The fund’s strategy is to leverage its government expertise and maintain its exposure to sovereign underpinned assets at 60%. The balance of the fund will be diversified by its investments into other property sectors and geographies, such as the Africa-focused and dollar-underpinned Delta International. Global expansion could potentially include sovereign underpinned assets.


Specialist government-focused REIT
With its Level 2 BEE rating (the best in the listed property sector) Delta’s primary niche and springboard to success has been the ability to strategically identify and secure government and SARS-leased properties, with the aim of outperforming the market within the context of global volatility.

Delta has an impressive track record of executing yield-enhancing tenant installations and redevelopments/refurbishments. To this end it has succeeded in acquiring C/D-grade buildings and upgrading buildings to grades A/B within a combined period of 18 months from transfer.

The fund has an unprecedented track record that has created an ideal platform for long-term lease renewals and market comparative escalation rates, as tenants’ requirements and demands are proactively met and exceeded.

Large assets are easier to manage
Considerable, single-tenanted assets are generally located in strategic nodes across the country, especially in those attractive to national government and increasingly fewer are coming to market. These large assets are defensive as they cannot easily be replaced.

Government and other empowerment-sensitive tenants are particular with regards to the nodes they are located in as well as what they require from a single-tenanted building.

Changes in socio-economic dynamics as a result of transport upgrades, accommodation and the general revival of the central business districts – in Durban, Johannesburg and Pretoria especially – create unique opportunities to extract value.
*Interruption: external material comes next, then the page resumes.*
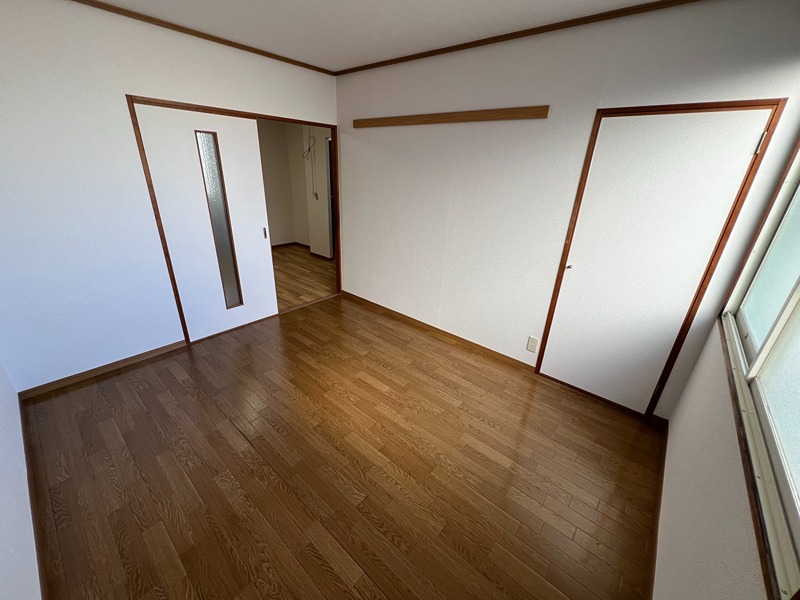 ドリームハイツＢ棟 その他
Due to the relatively long leases negotiated and because of its single tenant status, these assets are generally easier to manage, allowing Delta to maintain high service levels and properly plan for and execute capital-expenditure programmes, resulting in lower-than-average cost-to-income ratios.

Keeping a finger on the pulse
In June this year, Delta announced that it received shareholder approval to appoint a new asset management company. In an industry first, the new asset management company will be wholly-owned by a trust to be established for the benefit of its black employees. The new asset management company (named Delta Property Asset Management Proprietary Limited) also employs the staff of the previous incumbent.
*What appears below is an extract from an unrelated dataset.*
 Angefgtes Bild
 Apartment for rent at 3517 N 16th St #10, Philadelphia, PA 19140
It was very important to the board that the new asset manager retains the corporate memory required to manage Delta’s growing asset portfolio, and to provide job certainty for staff while simultaneously supporting the fund’s vision of being a leader as far as empowerment and transformation in the property sector are concerned.
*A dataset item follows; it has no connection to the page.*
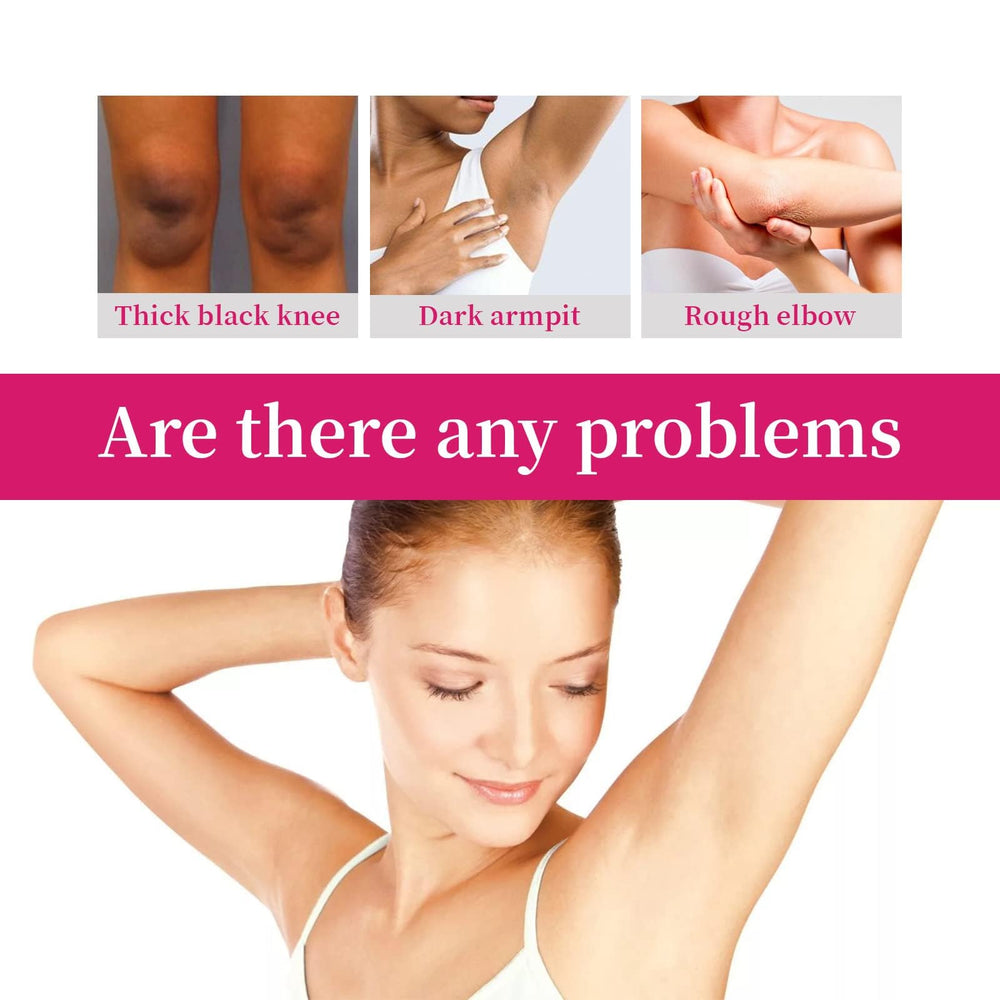 Generic crema blanqueadora pump dispensing cream for quick absorption benefit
Since none of the existing shareholders of the current service provider will be beneficiaries of the trust, Delta has engaged with the Department of Public Works to ensure that the new asset-management company trust complies with the department’s requirements for purposes of its leases with the fund.

Inner-city focus
Delta is committed to investing in major CBDs and contributing to urban renewal through partnerships with developers, tenants, property owners and government to improve and maintain attractive and safe nodes.

During its 2015 financial year, Delta committed in excess of R240 million on capex projects, the majority of which are expected to be yield enhancing and supportive of long-lease renewals.

The flagship of Delta’s capex programme is the CMH Parking Facility Development in Durban’s central business district. This redevelopment, on the back of strong tenant demand, comprises the building of new showrooms and parking for the anchor tenant CMH as well as creating an extra three parking levels in the building with 494 bays at an overall cost of R141.79 million.

The development is on the back of a 15-year lease on completion of the project with a further five-year option and is expected to be completed in September 2015.

This redevelopment is in line with Delta’s initiative of revitalising the Durban CBD node as the additional parking bays created will also address some of the challenges in this regard for adjacent tenants of Delta owned buildings.

Delta furthermore committed R40 million for the refurbishment of 88 Field Street. This project is the second-largest capital expenditure after the CMH redevelopment and is expected to be completed in July 2015. Refurbishment to the iconic building in the Durban CBD includes an overhaul of the lifts and air conditioning, as well as general interior and exterior renovations.

The 21 092 m2 building is multi-tenanted, with the National Prosecution Authority and Department of Water Affairs as anchor tenants.

Remaining in Durban, Delta recently completed refurbishments to the landmark Embassy building, including phase one of a lift-overhaul project as well as some façade repairs with a total capex value of R14.5 million.

The building is anchor tenanted by Sanlam and the Road Accident Fund, with a number of other tenants.

Other yield-enhancing refurbishments include the NPA building at 115 Buitengracht Street, Cape Town, tenanted by the Department of Justice (National Prosecuting Authority).

The cost of the refurbishment, which was concluded in December 2014, totalled R28 million and partially supported Delta’s continued efforts in reducing its overall energy consumption and associated costs through the installation of solar panels.

Significant pipeline supports node sustainability
Delta remains positive on having government as a tenant and continues to engage with Treasury.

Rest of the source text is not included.